Il multiplayer cooperativo/competitivo a cui siamo stati abituati sulle console da salotto negli ultimi anni, dove basta premere un tasto su uno dei Wiimote per prendere parte alla partita in corso, resta però dannatamente divertente, qui c’è poco da obiettare.

Estendo il discorso anche a Donkey Kong Country: Tropical Freeze, titolo che segna il ritorno dei talentuosi ragazzi texani di Retro Studios alle prese con scimmie e banane. Ah, e io che speravo si fossero dedicati a riportare in auge il brand F-Zero, dopo l’ottima collaborazione con EAD in Mario Kart 7.

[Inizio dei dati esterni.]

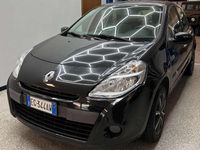 Usata Renault Clio III 75 CV (55 kW) 2011 Nero Berlina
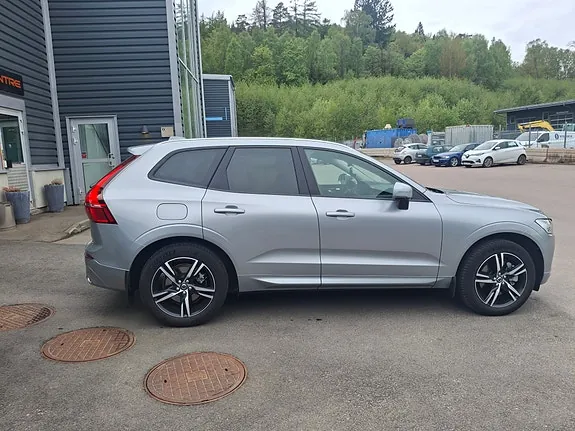 Volvo Xc60 2019 photo 2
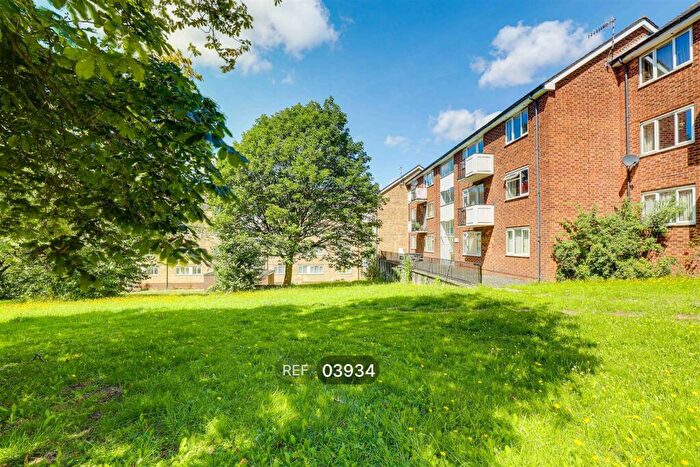 2 Bedroom Flat To Rent In Grafton Court, Radford, NG7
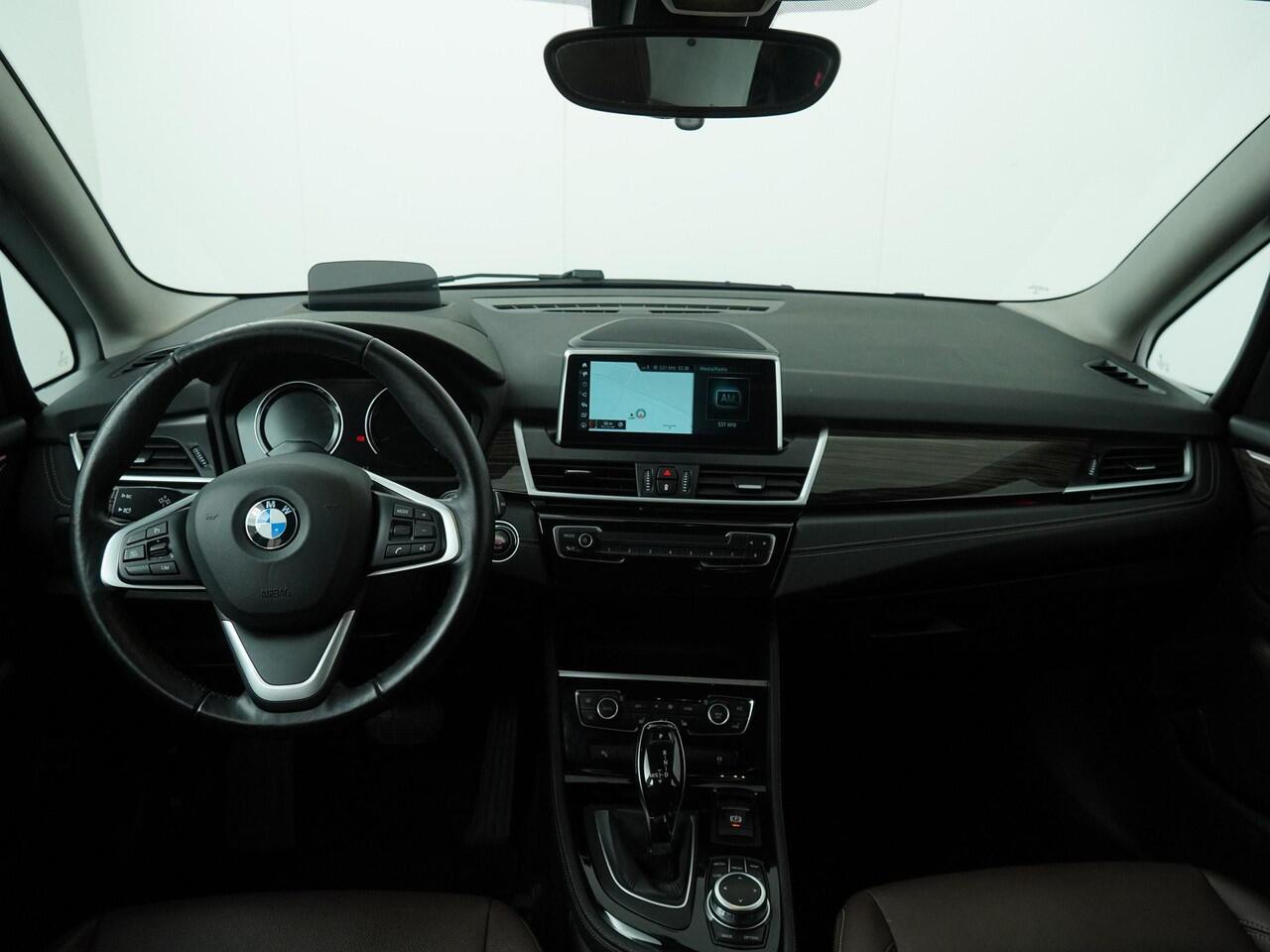 BMW 2-SERIE GRAN TOURER 220i 7p. Executive Edition | Luxury line | Safety Pack | Trekhaak |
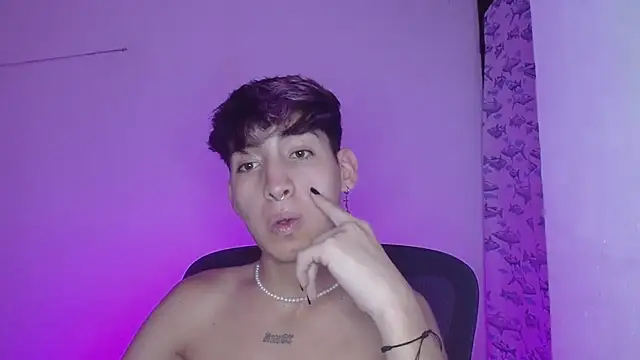 Snapshot of littlextreme chatting on 02-18-25, 07:32 littlextreme online show from 02-18-25, 07:32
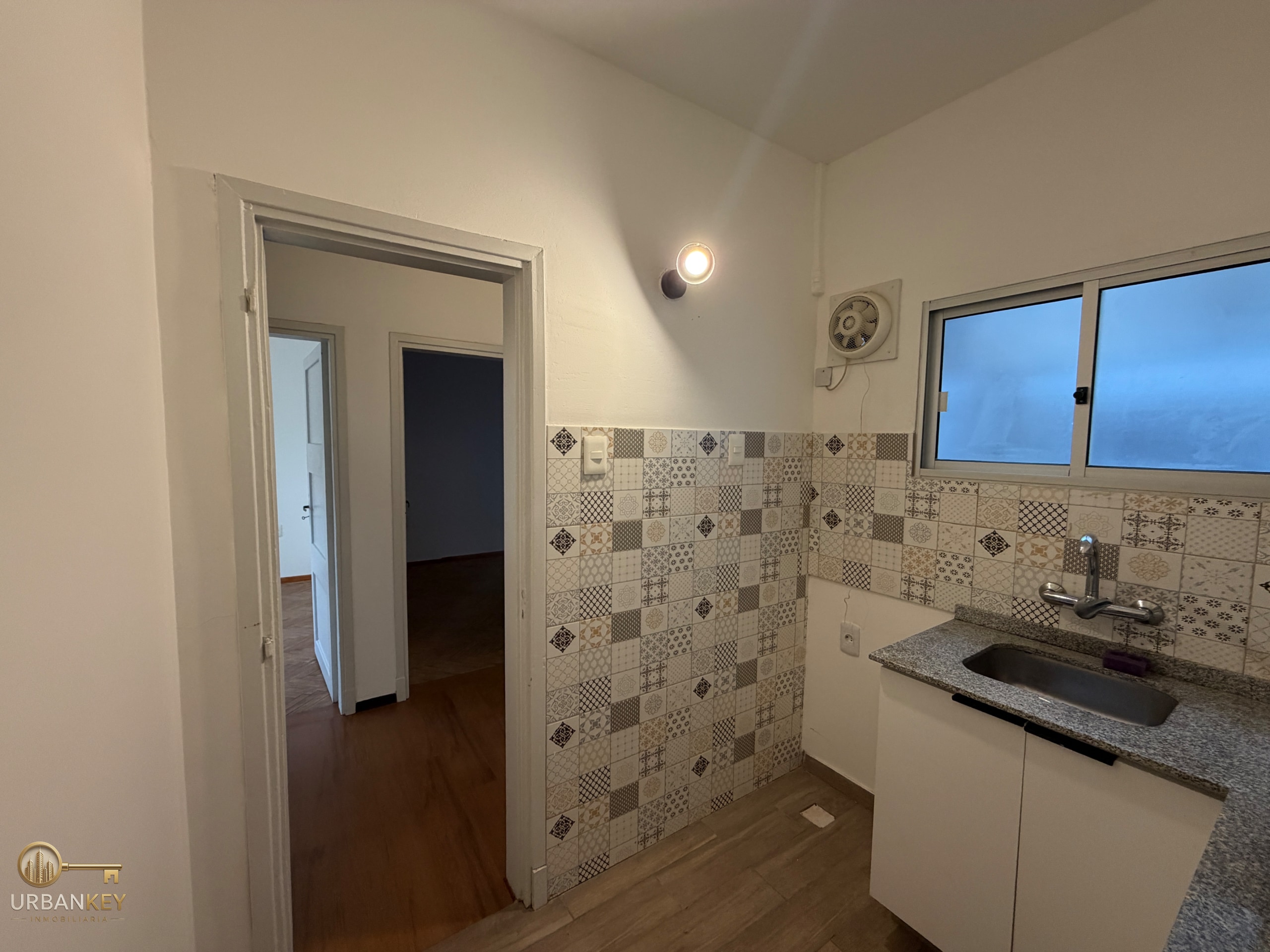 Alquiler apartamento 2 dormitorios con balcón gastos comunes bajos - Tres Cruces · Foto 12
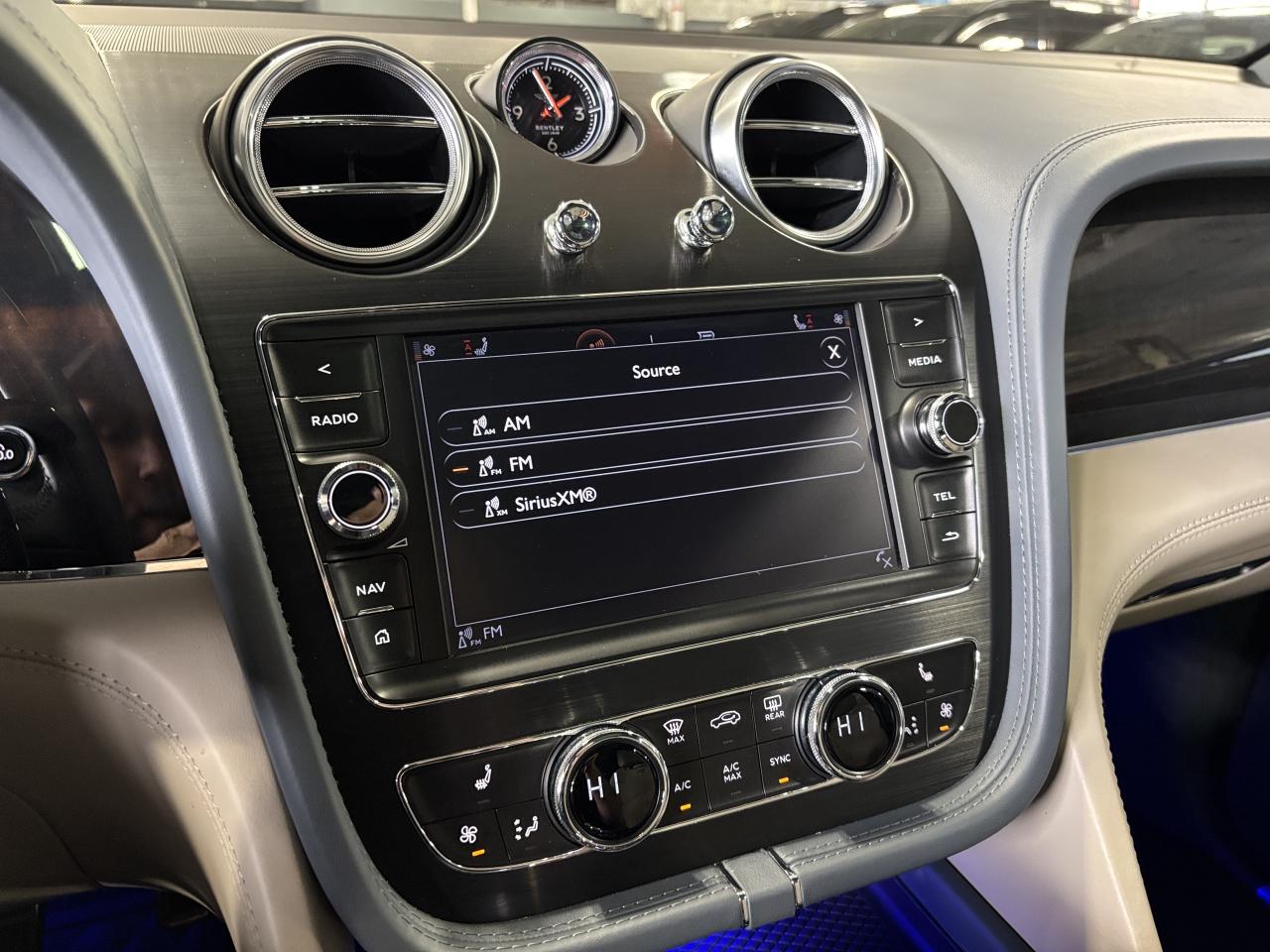 2019 Bentley Bentayga V8 AWD | NO LUX TAX | NIGHT VISION | HEADS UP | + - Photo #39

A parte l’ovvio aggiornamento sul piano tecnico, Tropical Freeze mi ha ricordato in tutto e per tutto Donkey Kong Country Returns per Wii, tra passaggi ostici, carrelli impazziti e barili esplosivi. Come già specificato non c’è nulla di male in questo, specialmente se stiamo parlando di uno dei migliori platform a scorrimento della scorsa generazione, ma sinceramente mi aspettavo qualche nuovo elemento rispetto al passato. Ho trovato particolarmente significative solo le inclusioni di una telecamera più dinamica e della bionda Dixie Kong come personaggio giocabile, che potrebbe aprire altri orizzonti (uso il condizionale perché non era selezionabile nella demo).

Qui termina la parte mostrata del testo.